Mein Herz zieht sich schmerzhaft zusammen. Vielleicht gab es doch einen guten Grund Matt heiraten zu wollen, nur habe ich ihn durch den Unfall vergessen. Vielleicht ist Matts wahres Ich, durch den Tod von Steve, tief in ihn hineingeschleudert worden und liegt nun unter Trauer und Groll begraben. Vielleicht war er mal anders. Freundlich, spontan und offen, zum Beispiel. Vielleicht hat er mich gestützt, mir Selbstvertrauen eingehaucht und mich getröstet und ist nur so ein Kontrollfreak geworden, weil er Angst hat mich durch einen groben Fehler, wie Steve, zu verlieren. Vielleicht möchte er mich nur beschützen.
Warum sollte er sonst für mich so weit vorausplanen? Sich die Zeit nehmen um all dies abzutippen?
Ganz kurz klammere ich mich an die Hoffnung, dass Matthew nicht von Natur aus so ist. So verschlossen, kontrollsüchtig, kleinkariert, stolz und manchmal sogar richtig bösartig. Nicht sein Verhalten macht ihn bösartig, sondern das Funkeln in seinen Augen. Als wolle er sich immer und überall über mich hinwegsetzen.

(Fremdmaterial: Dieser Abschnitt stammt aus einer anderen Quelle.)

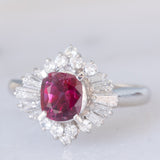 Anello ballerina vintage in platino con rubino (1.05ct) e diamanti (0.43ctw), anni ‘80/‘90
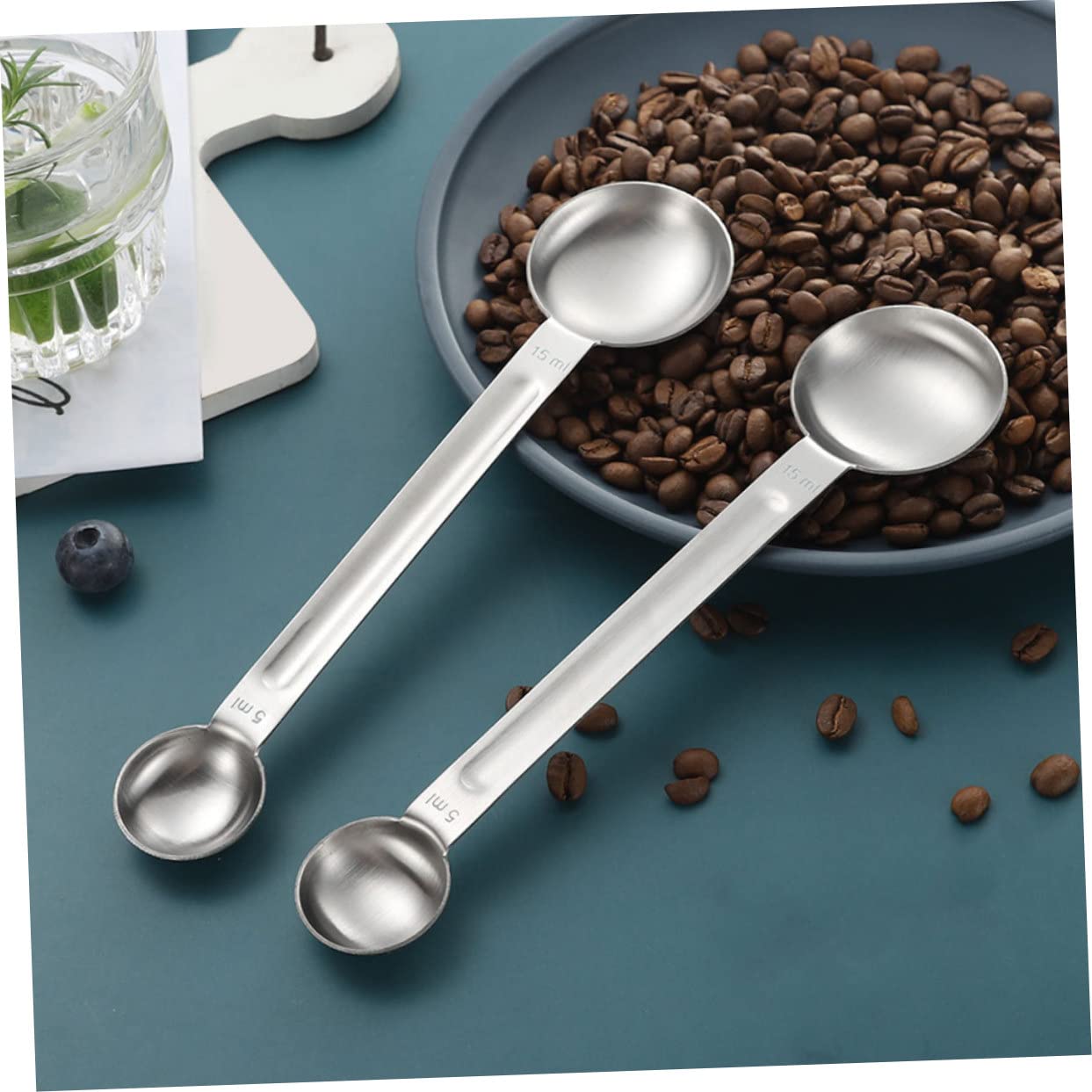 Cuillères à Mesurer En Inox - 2 Pièces Avec Graduations Gravées 25/50/75 Ml, Pour Cuisine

Ich schüttel den Kopf um diese düsteren Gedanken vorerst abzuschütteln und drucke die Pläne für Mittwoch und Donnerstag aus. Das erste was mir ins Auge sticht ist das ich an beiden Tagen keinen Kunstunterricht habe. Enttäuscht schnaufe ich auf.

Mittwoch:
1: 10.00 - 11.00 Uhr - Walking mit Kate
2: 12.00 - 15.00 Uhr - Ehrenamtliche Arbeit

Ich mache Walking?
Unter Punkt zwei hat Matt sich eine Anmerkung gemacht und sie doppelt unterstrichenen: Rose daran erinnern neue Gardinen zu kaufen.
Schwach erinnere ich mich daran, dass Filou das letzte Paar Gardinen angepinkelt hat. Er ist nun mal schon etwas älter, habe ich ihn vor Matt verteidigt.
Ich entscheide mich noch vor dem 'Walking mit Kate' bei dem nächstgelegenen Gardinenladen vorbeizuschauen.
Da mein Verlobter noch felsenfest schläft, schnappe ich mir seine Autoschlüssel und mache mich auf den Weg. Und siehe da! Der Laden hat tatsächlich schon offen.
Ich watschel durch die vielen Gänge und traue mich bei all den edlen Stoffen gar nicht zu atmen.
Wage beschreibe ich der Verkäuferin die Einrichtung und Farben meines Hauses und lasse mich anschließend von ihr in die passende Abteilung führen. Mit erhobenem Kopf gehe ich an all dem neumodischem Schnickschnack vorbei und finde mich schnell bei den etwas altmodischen Vorhängen wieder.
Weiße Gardinen mit orange durchzogenen Leinen und kleinen Rüschen am unteren Ende.
Tiefdunkelrote Gardinen mit breiten, goldenen und schwarzen Nähten, aber ohne sichtbare Aufhängung.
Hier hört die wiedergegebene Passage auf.